The idea, for you ignoramuses, or Brendan Fraser bomb shelter kids, was that four friends, Tommy Pickles, Chuckie Finster, and Phil and Lil DeVille, go adventuring, and, unbeknownst to their parents, communicate in adorable malapropisms via some sort of baby speak. Their endeavors usually take place at Tommy's house, and often are antagonized by Tommy's elder cousin Angelica, who is bilingual in English and Toddler. The beginnings always started off with ultra-extreme close-ups of some everyday object and I always tried my hardest to guess what it was before it came completely into focus. Dealing with issues like the struggles of being a lefty and pre-k crushes, Rugrats was perfect.

Doug was the Rugrats for those closing in on the double-digit age mark, and originally ran from 1991-1994. It was an eponymous masterpiece whose reputation was tarnished by the fact that it made a horrendous comeback on One Saturday Morning (and it had so much potential to evoke that aforementioned aura!) near the turn of the millennium.
Douglas Yancey Funnie: average in every way. His turtle-green v-neck sweater vest, baggy white undershirt, cargo shorts, ankle-high socks, and red and white sneakers screamed mediocrity louder than an Adelina Patti aria. He was never quite able to pull in the reins on Patty Mayonnaise (Nickelodeon and Political Correctness? Patty's dad was in a wheelchair), got picked on by Roger Klotz (man was he m-e-a-n!), had a partially anthropomorphic dog Porkchop, and had his one (allegorically Afro-American?) best friend Skeeter Valentine. It seems like a pretty typical teen movie setup, yes, but it had the animation and problem simplification to gear it toward, and make it appeal to, a prepubescent crowd. Doug could never break through the proverbial (social) glass ceiling, but we loved to see the futile attempts of his rubber hammer to do so.

All That, and I'm not talking that Amanda Bynes led shit. I'm talking about Lori Beth Denberg, Josh Server, Kel Mitchell, Danny Tamberelli, and Kenan Thompson. I'm talking about awesome preteen sketch comedy that I watched my two sisters on SNICK (which was subsequently and shittily replaced by TEENick) when my parents were out to dinner on Saturday nights. Remember Good Burger? It was made into a movie (take that, SNL). What about Dullmont Jr. High, where eccentric teaches did zany things and spoke in non sequiturs, and sometimes not in English at all (beat you to it, The Faculty). Coach Kreeton, with Kel Mitchell at his finest, acting as an elderly Phys. Ed. teacher who is always accidentally inflicting pain on himself (sorry, Seann William Scott). The Spice Boys (pf, you wish, 2Gether).
Okay, not to beat you over the head with it, but the seminal All That was, potentially, a pretty influential show.

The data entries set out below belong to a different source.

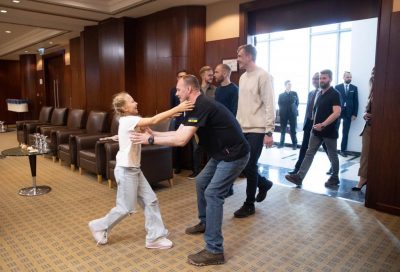 Фото Звільнені з полону командири з ''Азовсталі'', які перебувають у Туреччині, зустрілися зі своїми родинами 03 жовтня 2022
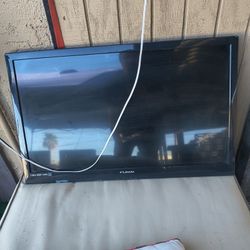 TV With Wall Mount/No Remote 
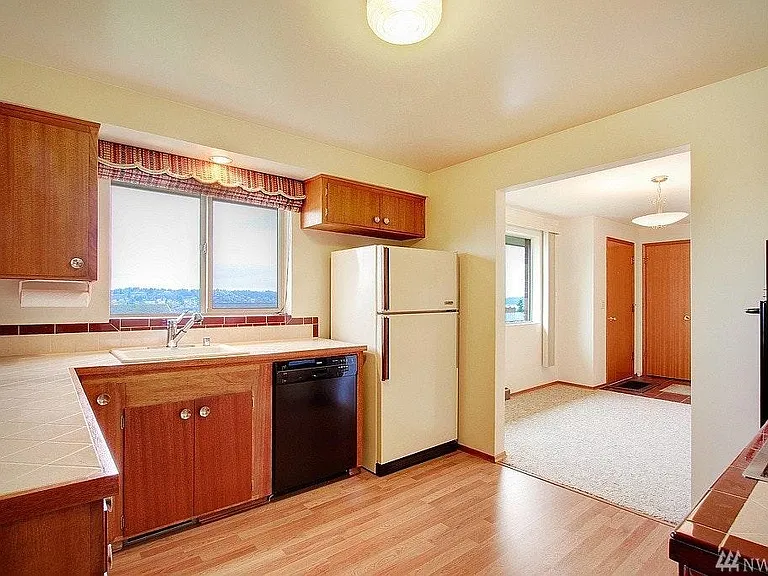 88 Monterey Pl NE — Photo 4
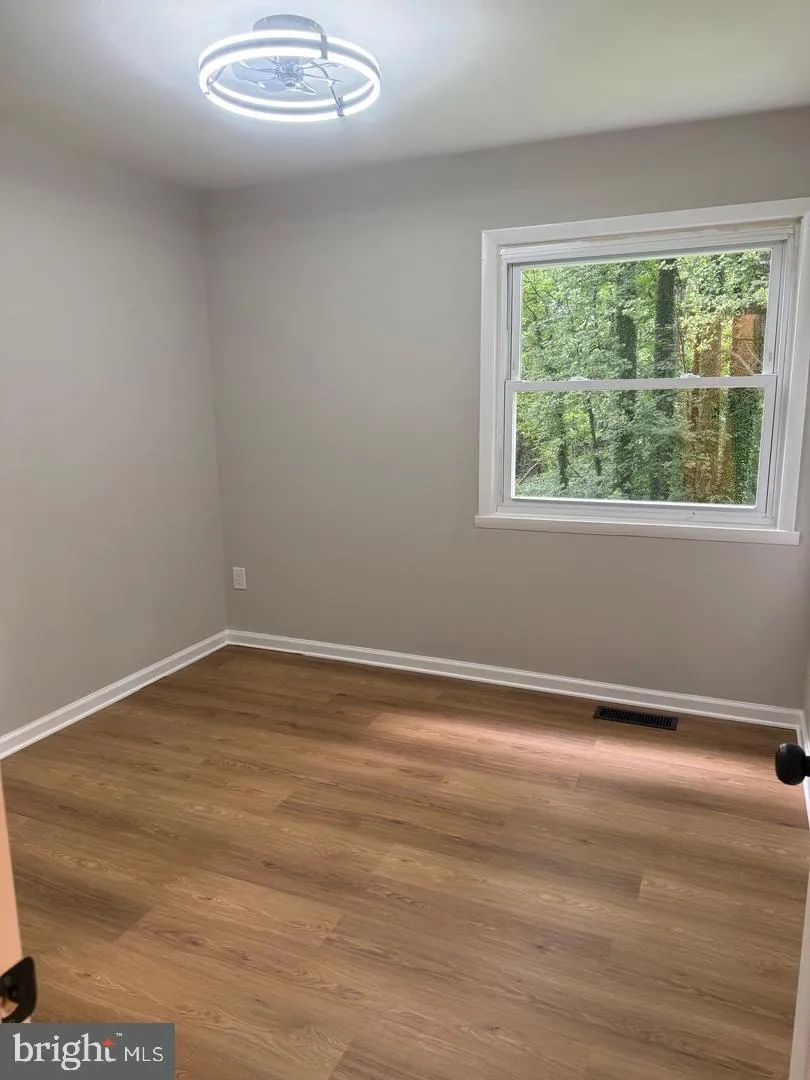 8093 MEETZE ROAD Warrenton, VA 20187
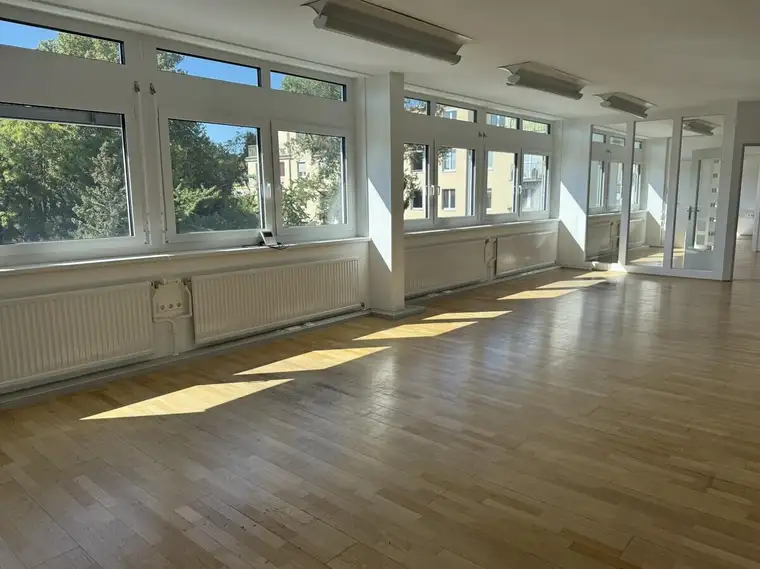 Arbeiten im Ekazent Hietzing | Großzügige Bürofläche zu vermieten| Top B06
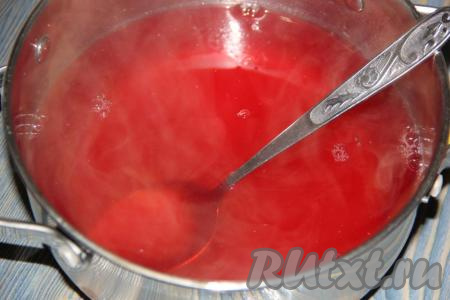 Снять кастрюлю с огня и процедить ягодный отвар.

I don't know, I could just be searching for gold in a coal mine, for meaning or coincidence in nothing, but I want to reminisce with ideas of grander implications; I want to think that the endless hours I spent sprawled across my brown leather couch were not completely spent in vain; that these shows weren't the Zoey 101s or the Drake & Joshes. I want to think that these shows mattered, that they left a footprint, that they did something.

-Thursday

1 comment:

Anonymous said...

Amazing synopses of some of the best children's shows ever. Really interesting topic. Shows were definitely better back then.